▶ **TASK ITEM**
Please print the full listing below exactly, but not the pictures in it.

▶ **MATERIAL PROVIDED**
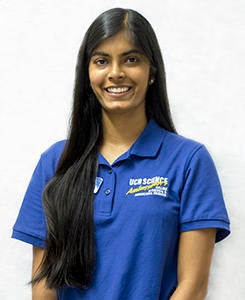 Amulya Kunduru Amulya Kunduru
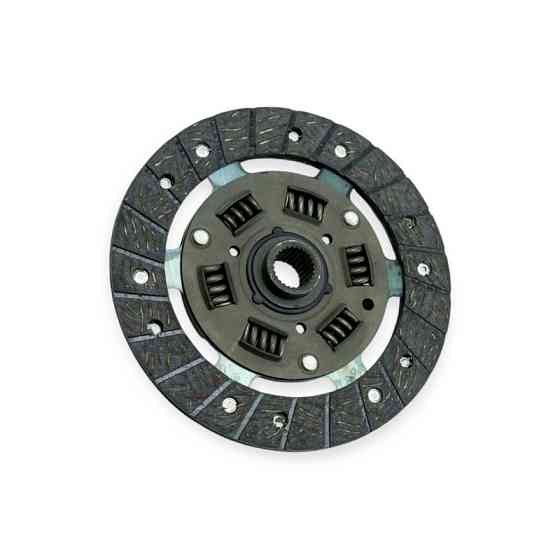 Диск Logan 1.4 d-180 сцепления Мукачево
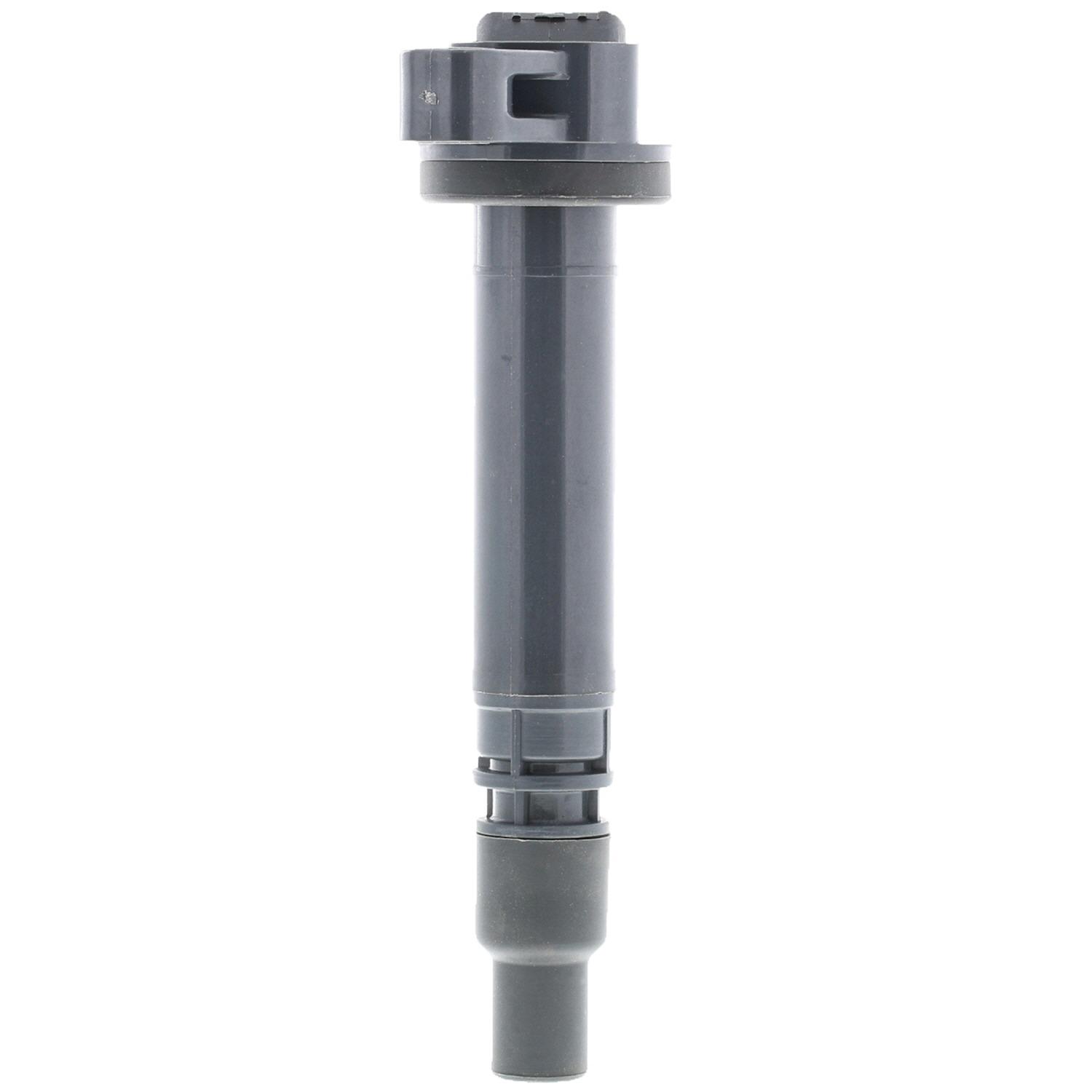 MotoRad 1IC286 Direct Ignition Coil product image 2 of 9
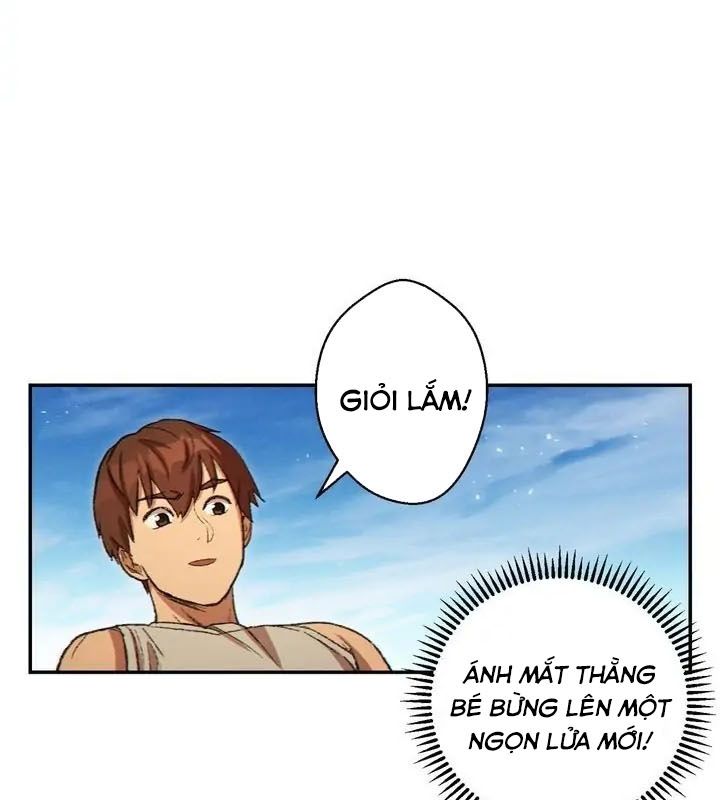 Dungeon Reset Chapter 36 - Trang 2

▶ **EXERCISE RESPONSE**
 Amulya Kunduru Amulya Kunduru
 Диск Logan 1.4 d-180 сцепления Мукачево
 MotoRad 1IC286 Direct Ignition Coil product image 2 of 9
 Dungeon Reset Chapter 36 - Trang 2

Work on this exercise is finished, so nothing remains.